In hydrogen fuel cells, hydrogen is fed to the anode while air is fed to the cathode. An anode catalyst, typically platinum, separates the hydrogen into protons and electrons, which take different paths to the cathode – protons migrating through the electrolyte, while electrons power the external circuit. At the cathode, they both unite with oxygen to produce water and heat.
Simple in theory, in practice there are subtle decisions to be made for any particular application, including what size and design of fuel cell to use, and which control system will get the best from it.
“The key decision is to select the size of the fuel cell for optimal output,” according to Spectrum Instrumentation – more of this company later. “Larger cells provide more power output as there is a larger catalyst surface area, but this increases the weight and cost, especially with platinum as the typical catalyst. Adjusting the spacing between the electrodes in the fuel cell stack and improving the gas flows through the cell can improve the catalytic reaction and hence the performance instead of increasing size.”

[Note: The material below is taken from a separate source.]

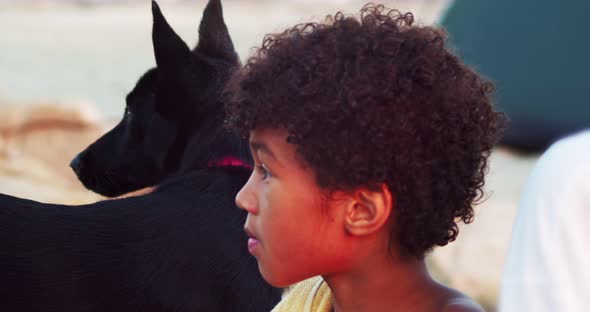 Portrait of a Mulatto Boy and a Black Dog in Profile Children and Animals are Best Friends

Beyond this, other less obvious system parts have to be optimised in design and operation, for example: the extraction of waste water vapour to avoid blocking of the catalytic surface, and tuning heat removal for best efficiency and life.
On the subject of service life: according to ZBT, the US Department of Energy has set targets for fuel cell system lifetime under realistic operating conditions at 8,000 hours for light-duty vehicles, 30,000 for heavy-duty trucks and 80,000 for distributed power systems.
To theoretically underpin both design and operation, ZBT is working on a precise model of polymer electrolyte (PEM) fuel cell operation, confirming and calibrating it with experimental measurements.
“The computer model of the fuel cell is very sophisticated such that we can adjust the many variables that affect its performance to see what changes provide performance enhancements,” according to ZBT simulation leader Sönke Gössling. “However, these are just theoretical, so the test bench [left] enables us to see how changes in real world parameters affect performance.”
A key element of this is dynamically mapping and modelling the cathode path.
“On the basis of these models, a predictive control model has been developed that controls the interplay of the compressor, the throttles and also the fuel cell load,” according to Spectrum. “This is used to optimise operation – the operating point of the fuel cell can be selected to be as energy-efficient as possible, and undesirable shortening of the service life can be avoided.”
Where test and measurement company Spectrum comes into the project, in the up-grading of instrumentation on the experimental rig.
Modelling and measuring dynamics
The fine-grain dynamics and location of reaction in a fuel cell have turned out to be crucial, for example to avoid local under-supply of reagents or to maintain local operating conditions.
“We quickly realised that the data capture of rate of every second was not providing us with the level of fine detail that we needed,” said ZBT’s Gössling. “We now use three Spectrum digitisers, that improved our data rate capture to 3Msample/s, as well as having twenty simultaneous channels of data. This enables us to analyse the dynamic step changes as well as analyse superimposed high frequencies at an incredible level of detail.”
They are eight-channel M2i.4652 digitisers. “The synchronisation of the cards and the connection to the test bench environment was intuitive and they have worked perfectly from day one,” said Gössling.
ZBT is a non-profit limited company in north west Germany near the Dutch boarder, owned by the University of Duisburg-Essen.
Spectrum Instrumentation offers digitiser and signal generators in formats including PC cards (PCIe and PXIe) and stand-alone Ethernet units (LXI). It makes its products in Germany.